# What is being asked:
Extract the stretch of lines that starts at the line with "TIXANF 48X50 in" and ends at the last line of the data below. Give it exactly, without pictures.

===== Data section =====

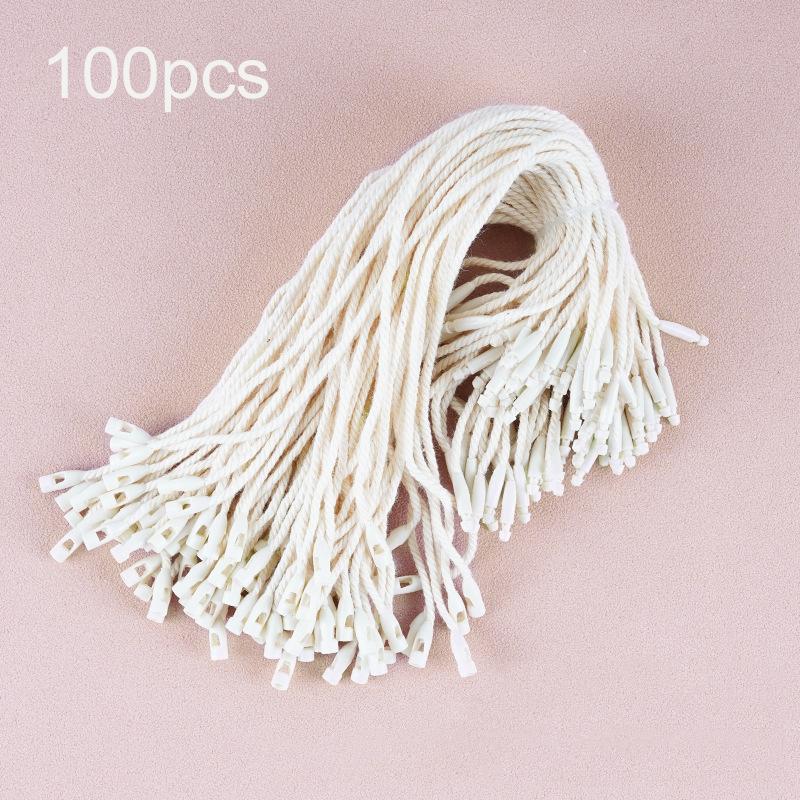 100 Stück Faltbare Hängeetikett-Karton-Hängeseil-Ornamente-Zubehör-Aufbewahrung-Haarseil-Armband-Verpackungskarte-Nähen-TMZ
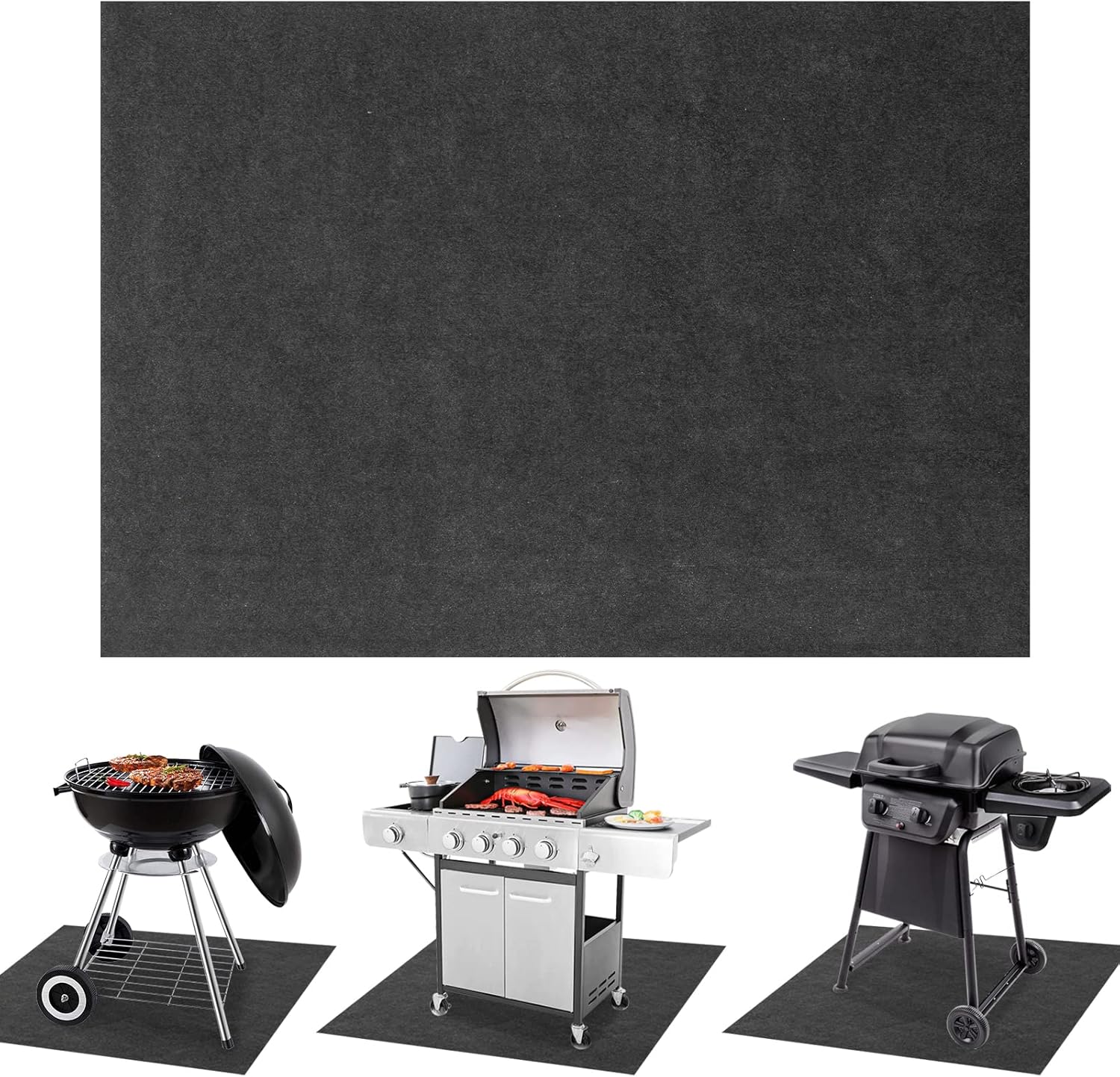 TIXANF 48X50 in Under Grill Mat,Grill Pads for Outdoor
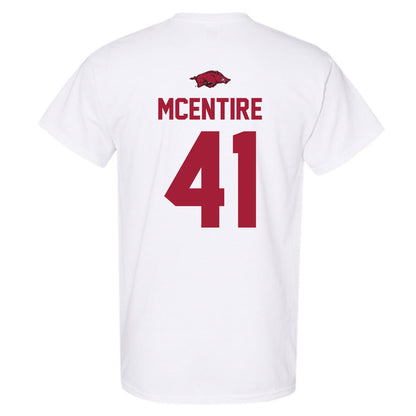 Arkansas - NCAA Baseball : Will McEntire - Replica Shersey T-Shirt-1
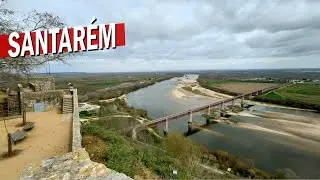 Ribatejo 🇵🇹 Walk - Tagus River Valley Viewpoint, Santar&eacute;m City Centre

=====

# Solution to this problem:
 TIXANF 48X50 in Under Grill Mat,Grill Pads for Outdoor
 Arkansas - NCAA Baseball : Will McEntire - Replica Shersey T-Shirt-1
 Ribatejo 🇵🇹 Walk - Tagus River Valley Viewpoint, Santar&eacute;m City Centre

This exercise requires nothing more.